- [Supplied records]:
————————

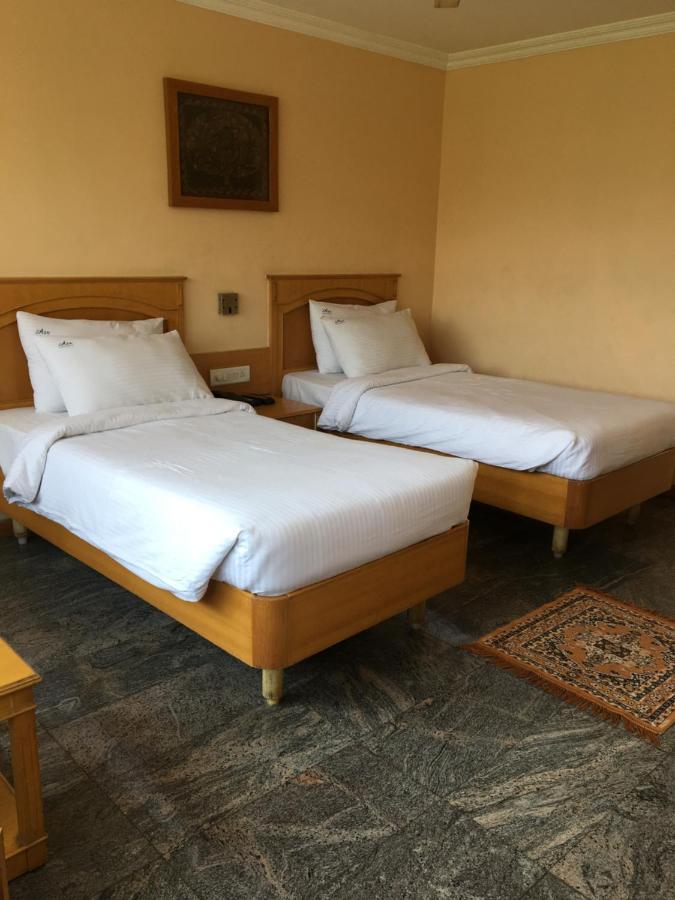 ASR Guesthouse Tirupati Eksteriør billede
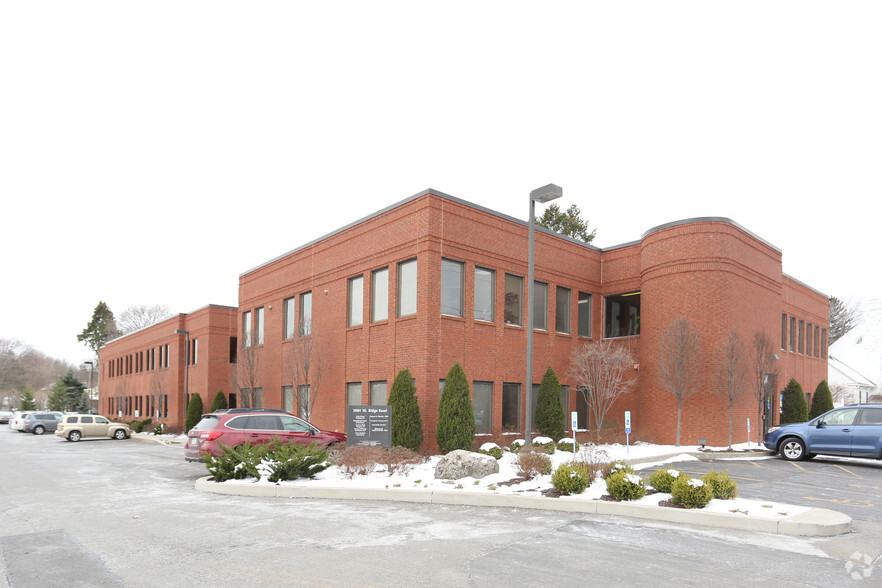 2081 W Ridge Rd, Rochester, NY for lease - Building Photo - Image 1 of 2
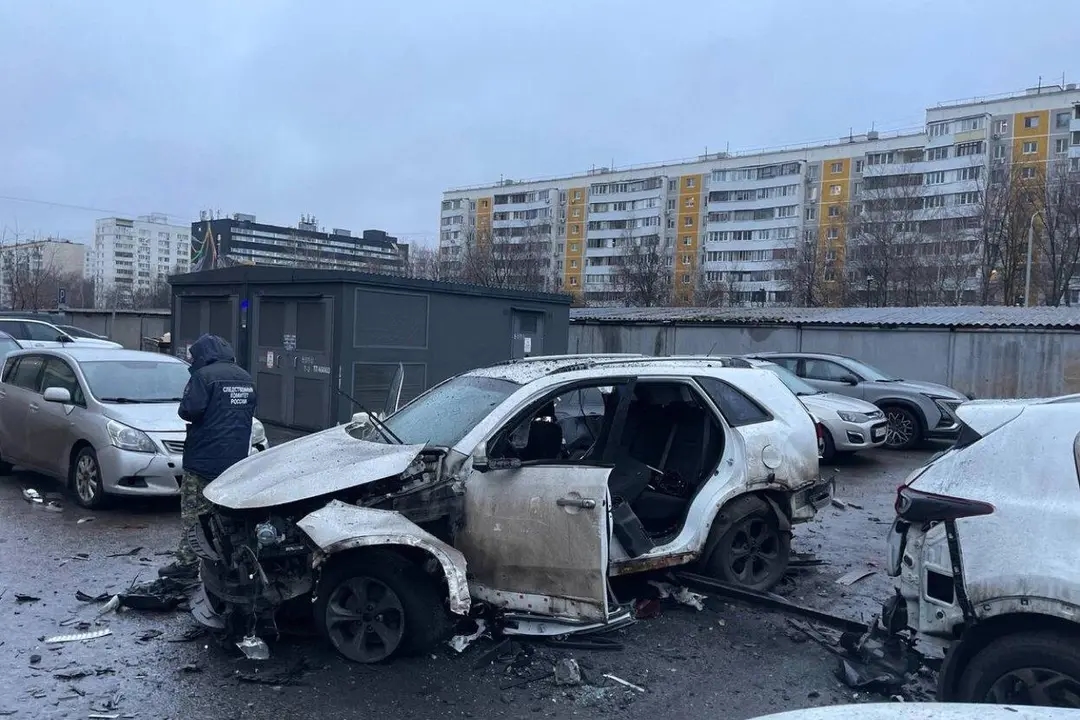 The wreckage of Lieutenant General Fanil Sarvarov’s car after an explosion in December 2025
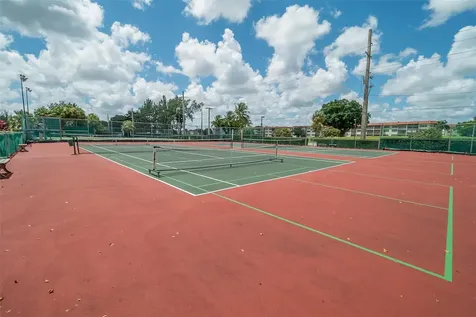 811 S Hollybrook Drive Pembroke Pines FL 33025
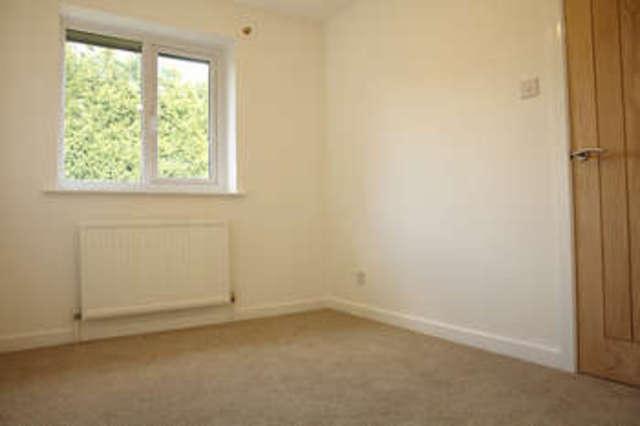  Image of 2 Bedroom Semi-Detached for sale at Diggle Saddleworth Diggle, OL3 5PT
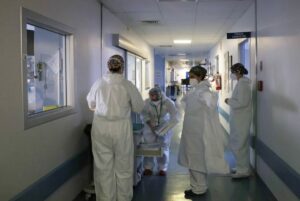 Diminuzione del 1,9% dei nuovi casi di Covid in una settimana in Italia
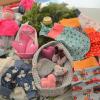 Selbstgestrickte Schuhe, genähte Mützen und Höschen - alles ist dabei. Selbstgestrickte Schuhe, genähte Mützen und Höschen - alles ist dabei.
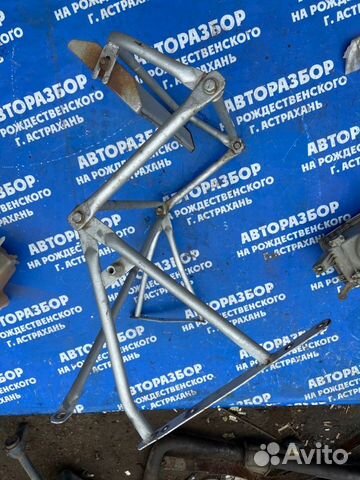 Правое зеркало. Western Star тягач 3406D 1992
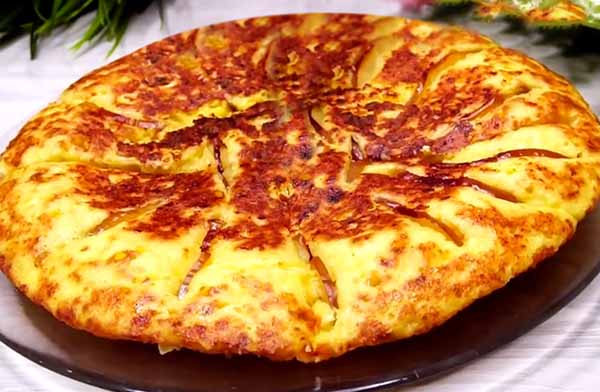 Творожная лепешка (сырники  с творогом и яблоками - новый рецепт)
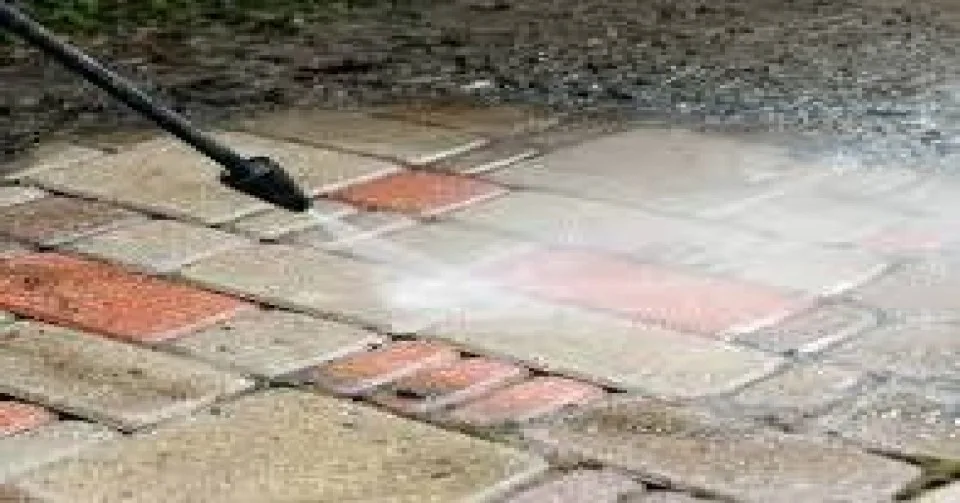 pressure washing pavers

————————

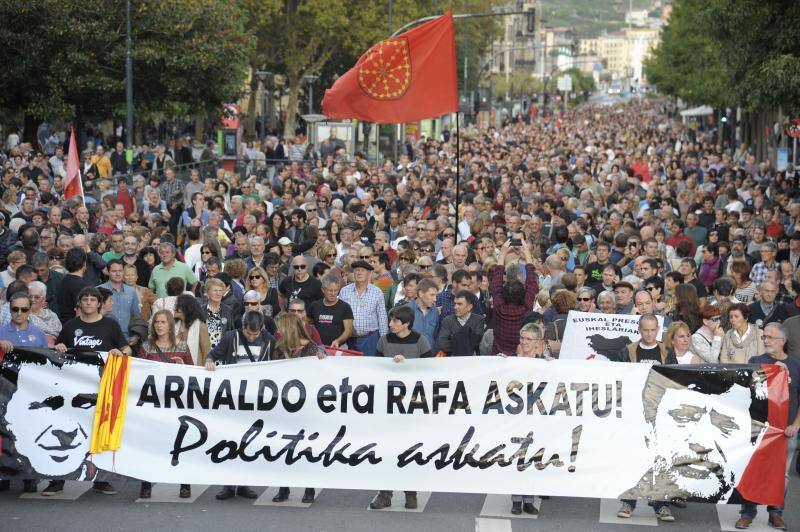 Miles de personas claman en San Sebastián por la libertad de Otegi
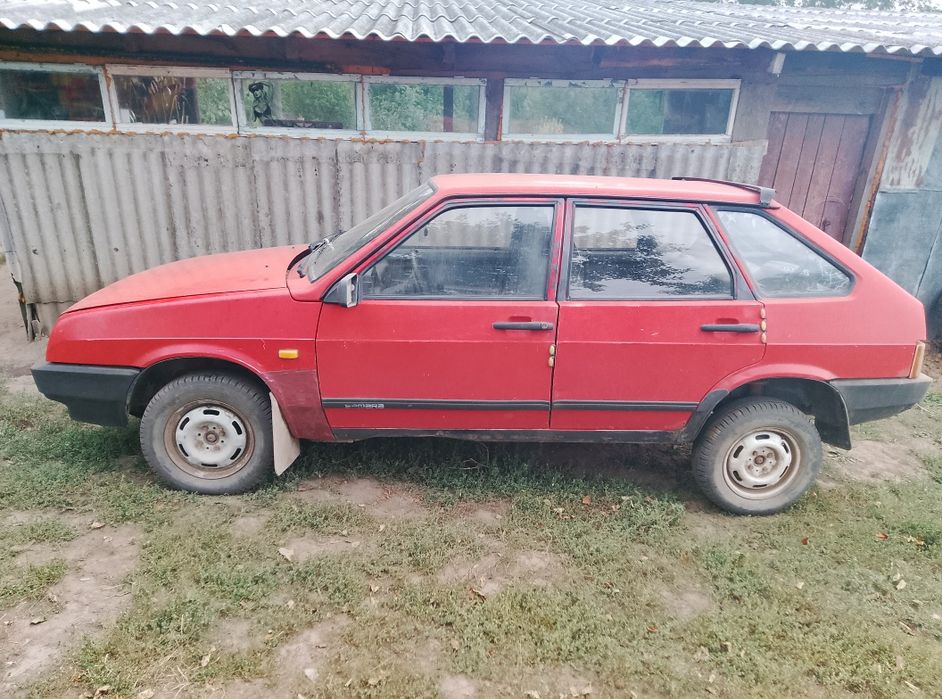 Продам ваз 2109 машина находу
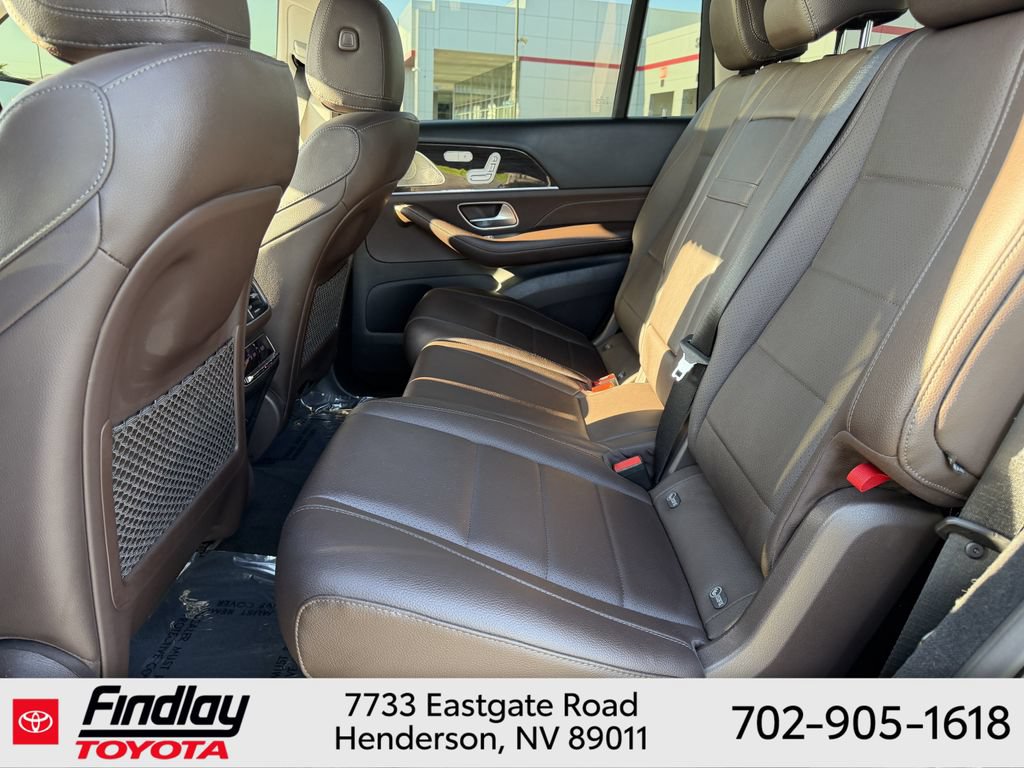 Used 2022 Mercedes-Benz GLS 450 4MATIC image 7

————————

- [What is being asked]: Return the stretch of data that begins with the line showing "2081 W Ridge" and goes on through the line showing "pressure washing pavers", exactly, with pictures removed.

- [Solution to the problem]:
 2081 W Ridge Rd, Rochester, NY for lease - Building Photo - Image 1 of 2
 The wreckage of Lieutenant General Fanil Sarvarov’s car after an explosion in December 2025
 811 S Hollybrook Drive Pembroke Pines FL 33025
  Image of 2 Bedroom Semi-Detached for sale at Diggle Saddleworth Diggle, OL3 5PT
 Diminuzione del 1,9% dei nuovi casi di Covid in una settimana in Italia
 Selbstgestrickte Schuhe, genähte Mützen und Höschen - alles ist dabei. Selbstgestrickte Schuhe, genähte Mützen und Höschen - alles ist dabei.
 Правое зеркало. Western Star тягач 3406D 1992
 Творожная лепешка (сырники  с творогом и яблоками - новый рецепт)
 pressure washing pavers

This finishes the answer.